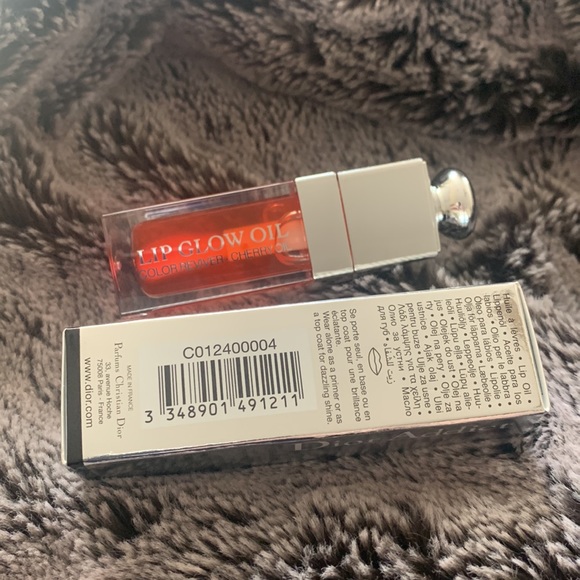 Dior Addict Coral Lip Glow Oil (full size) - Picture 7 of 12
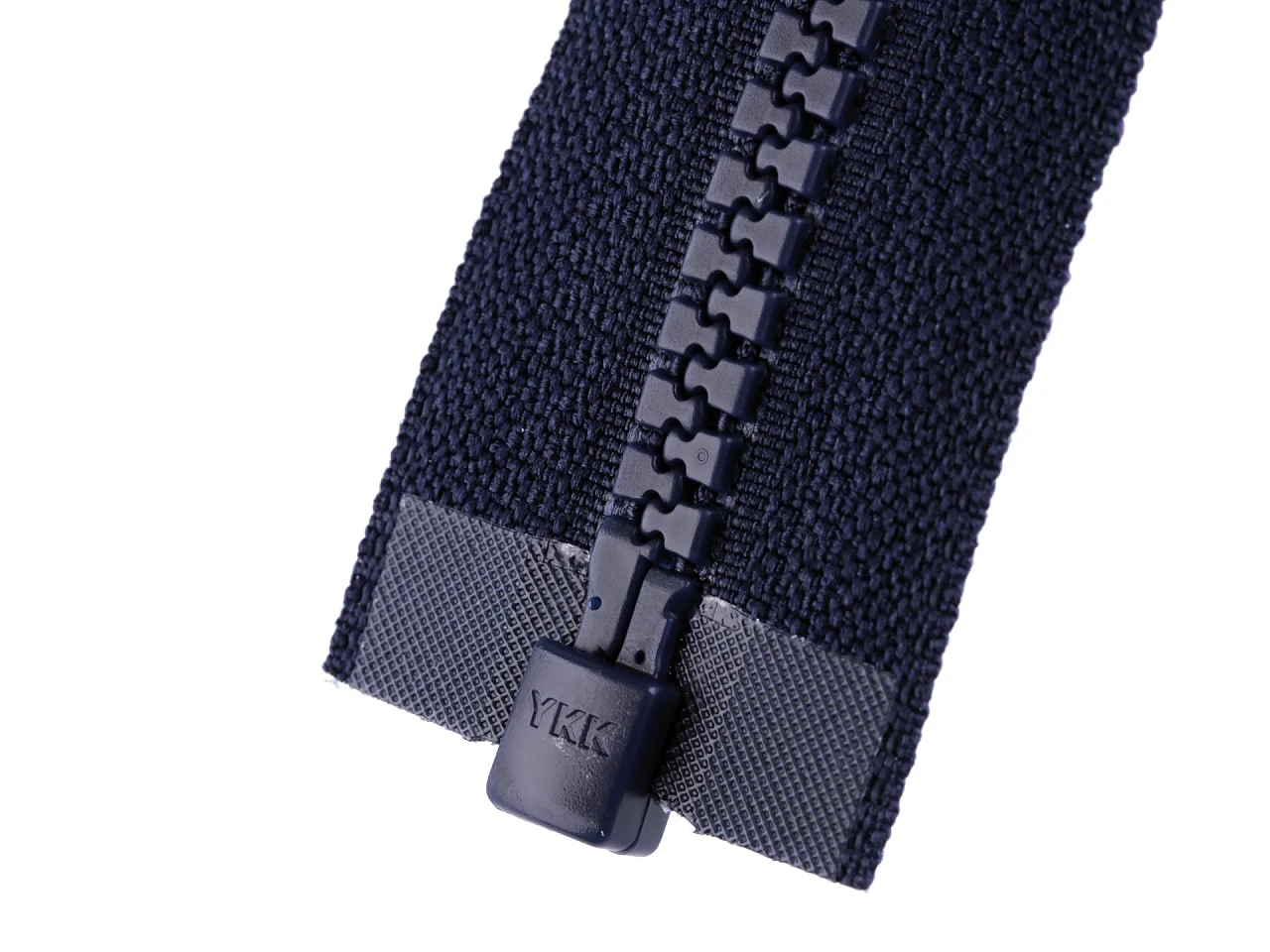 Kostený zips YKK No 5 dĺžka 80 cm bundový- 1ks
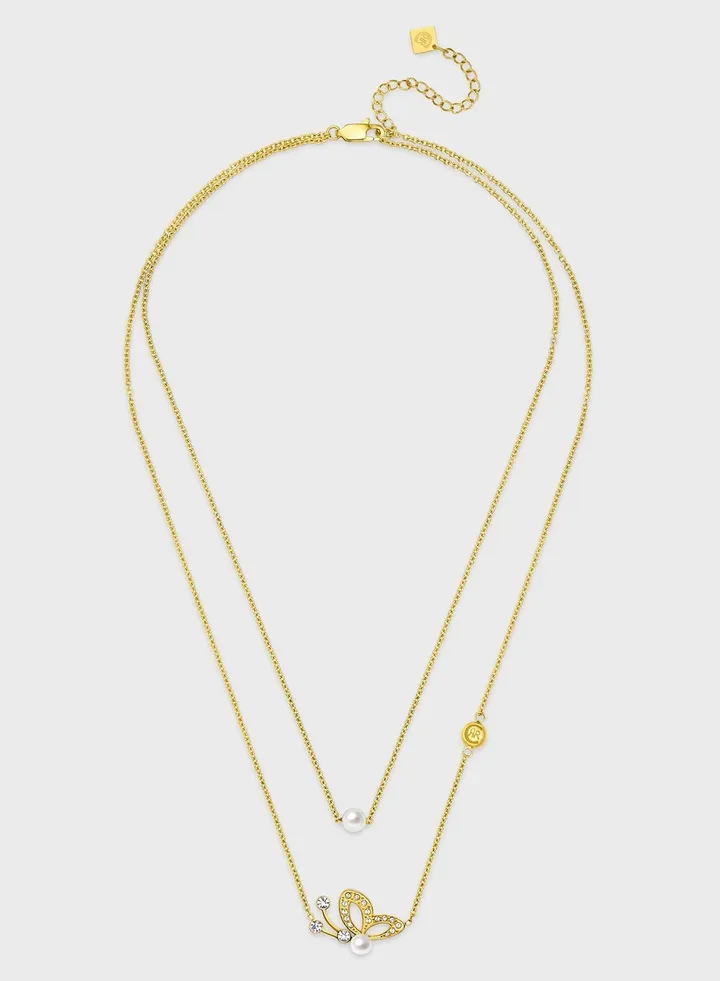 Pendant Layered Necklace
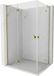 Mexen Mist-H L Duo douchecabine gauche 115 x 70, transparent, or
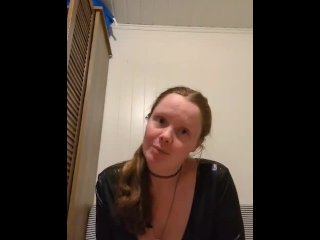 Femdom humiliation Norwegian of freakycute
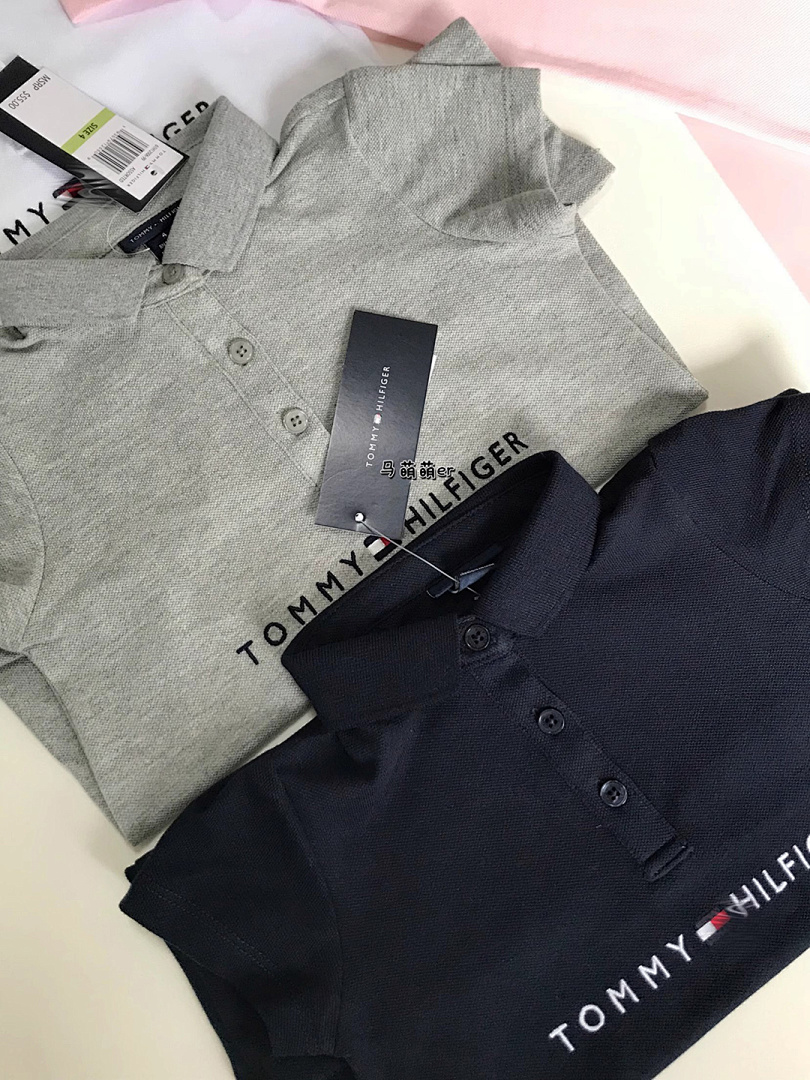 Tommy Hilfiger Kids' Logo Polo Dress · A2399 — תמונה 12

- - -

## WHAT YOU SHOULD DO
From the line containing "Kostený zips YKK" down to the last line of the records above, repeat every line exactly and nothing else, dropping any pictures.

## OUTPUT
 Kostený zips YKK No 5 dĺžka 80 cm bundový- 1ks
 Pendant Layered Necklace
 Mexen Mist-H L Duo douchecabine gauche 115 x 70, transparent, or
 Femdom humiliation Norwegian of freakycute
 Tommy Hilfiger Kids' Logo Polo Dress · A2399 — תמונה 12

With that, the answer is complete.